In her decision dated Jan. 2 in Brand X Editions v. Christopher Wool, 652133/2013, Commercial Division Justice Shirley Kornreich held that New York Uniform Commercial Code’s statute of frauds does not prelude the studio from pursuing a breach of contract claim against the artist, since the arrangement involved no sale.

The case involves an agreement implied-in-fact between Brand X Editions and Christopher Wool, a painter based on the Lower East Side known for his abstract and stenciled creations. Both parties had agreed to jointly produce 60 distinct prints featuring the manipulation of imagery using silkscreen and monoprint techniques.

Under the agreement, Brand X was to receive one-third of the finished pieces in exchange for covering the full production costs. In its June 2013 complaint, the studio alleged that Wool proposed changing the terms of the contract in September 2012 after realizing that the work could hold significantly more value than he originally anticipated.

When the studio refused to change the terms of the agreement, Brand X alleged that Wool refused to sign 34 completed works and finish 22 partially completed works, depriving Brand X of the compensation it says it’s justly owed.

“It was a simple barter,” the complaint, filed by Pohl LLP, stated. “And it was designed specifically to accommodate Mr. Wool.”

Wool is represented by partner Roger Netzer of Willkie Farr & Gallagher, who did not respond to a request for comment Monday.

According to Brand X’s attorney, David Pohl, the estimated value of the works surpasses $18 million. Pohl told CLI that the studio had collaborated with Wool in the past “with excellent results.”

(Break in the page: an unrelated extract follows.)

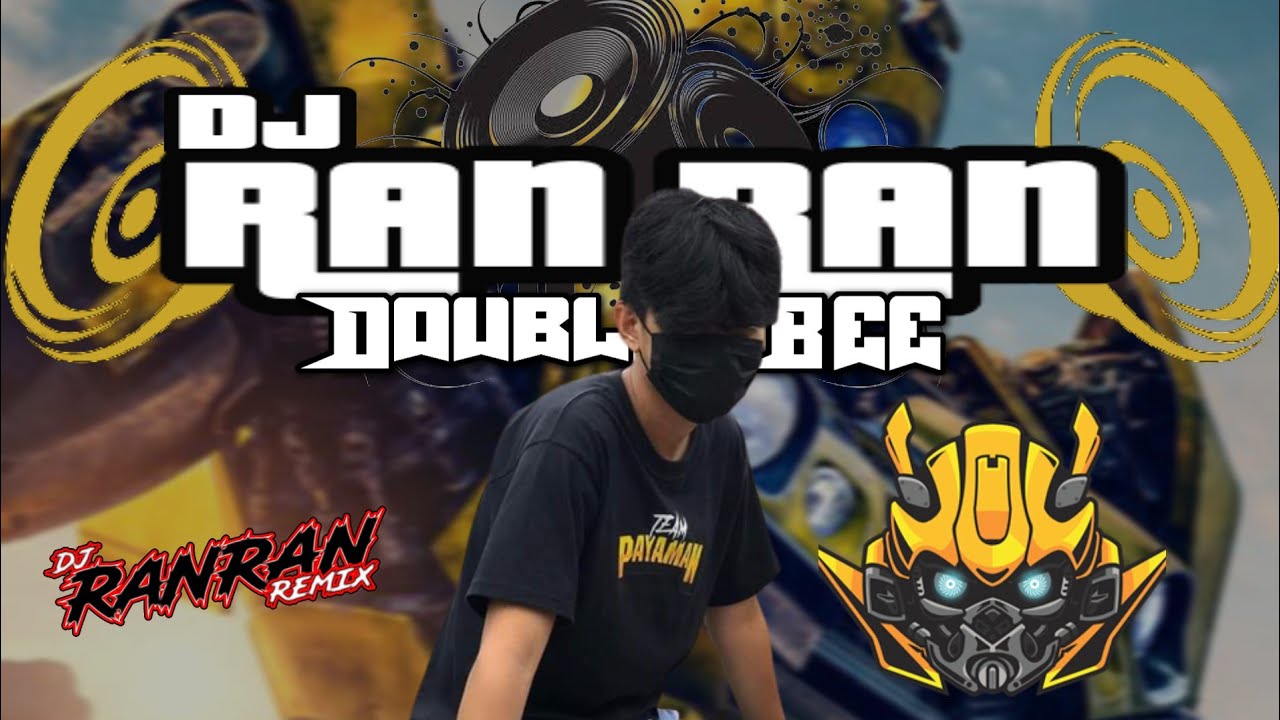 Nothing's Gonna Stop Us Now DJ Ran Ran - TekSlow 2K23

“Brand X is perhaps the only studio in the world with its unique capabilities and has worked with many of the most important contemporary artists,” he said.

Wool moved to dismiss the complaint, which alleged breach of contract and promissory estoppel, among other claims. Wool argued that under New York’s UCC statute of frauds, the contract is unenforceable because it was not cemented in a written agreement. Brand X countered that the UCC does not apply because the transaction involved services, not goods.

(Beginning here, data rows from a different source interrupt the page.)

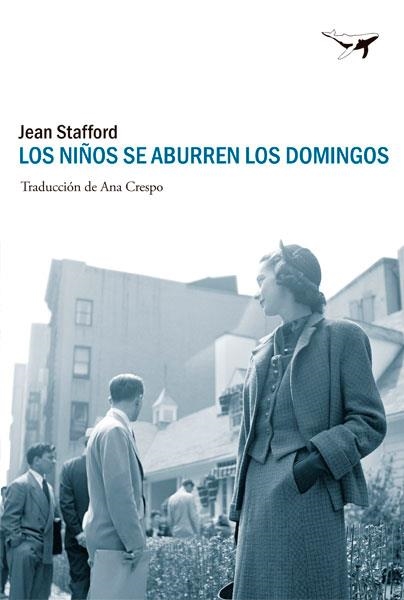 Los niños se aburren los domingos | 9788494236709 | Stafford, Jean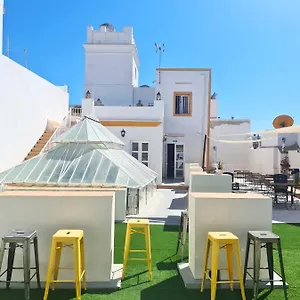 Planeta , Cádiz España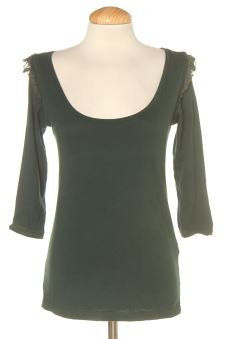 T-Shirt M Stradivarius, Foto 1 von 2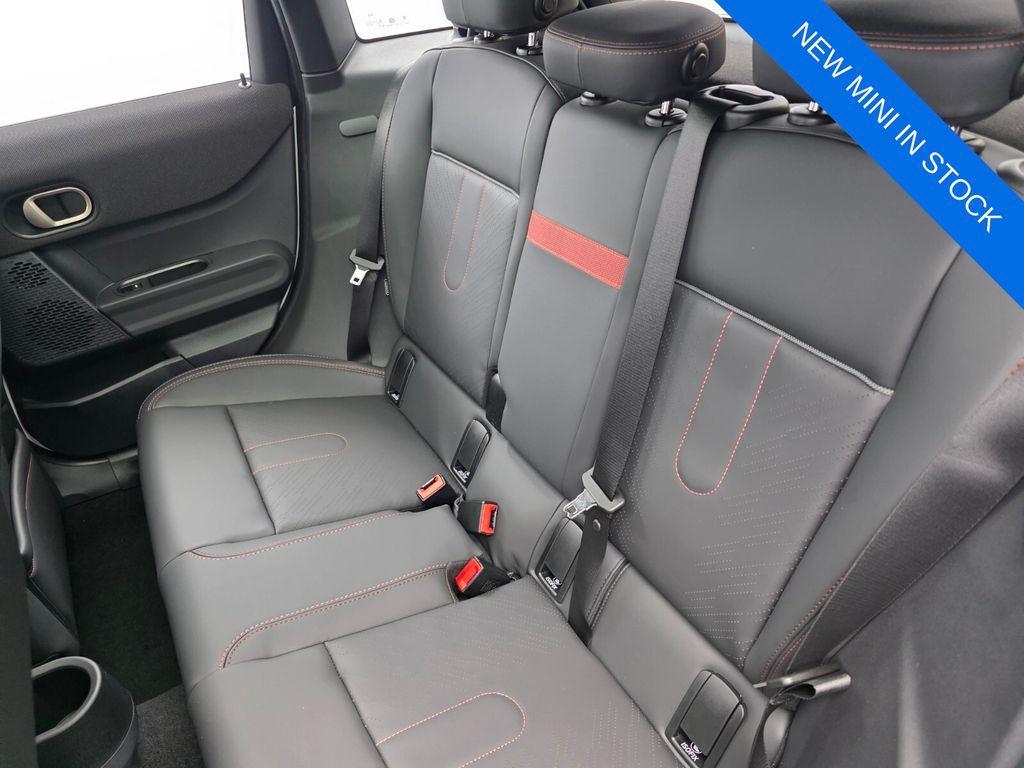 new 2026 MINI Hardtop car, priced at $42,140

Kornreich agreed, finding there was no sale since “title to the works never transferred between the parties.” “Instead, title inures to the parties upon the creation of the works in accordance with their agreement,” the judge wrote.

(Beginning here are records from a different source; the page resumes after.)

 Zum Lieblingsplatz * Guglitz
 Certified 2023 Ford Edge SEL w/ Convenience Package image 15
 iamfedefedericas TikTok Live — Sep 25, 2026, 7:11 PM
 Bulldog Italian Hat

According to the complaint, a representative at the Luhring Augustine Gallery, which features many of Wool’s works, characterized some of the finished artwork upon seeing it as “beautiful” and that it “looks like candy.” The complaint alleges this prompted Wool to propose changing the terms of the agreement, so that in exchange for assuming part of the production costs, he would instead turn over the rights to one-fourth, instead of a third, of the artwork to Brand X.

The production costs are estimated to be $50,000.

Kornreich further held in her decision that even were the UCC applicable, the breach of contract claim cannot be dismissed under the UCC’s “merchant’s exception,” as Wool failed to object to a Jan. 10, 2012 email from the studio setting forth of the terms of the agreement.

“It was only after Wool realized that the value of the artwork would be more than anticipated that he sought to revise the terms of the deal,” the judge said. “Tellingly, the terms of defendants’ offers to change the deal evidence their original understanding of the contract.”

The judge also failed to dismiss the breach of contract claim under the UCC’s partial performance exception, since “Brand X can enforce the parties’ oral agreement for the completed works.”

The judge ordered the parties to appear for a preliminary conference on Jan. 28.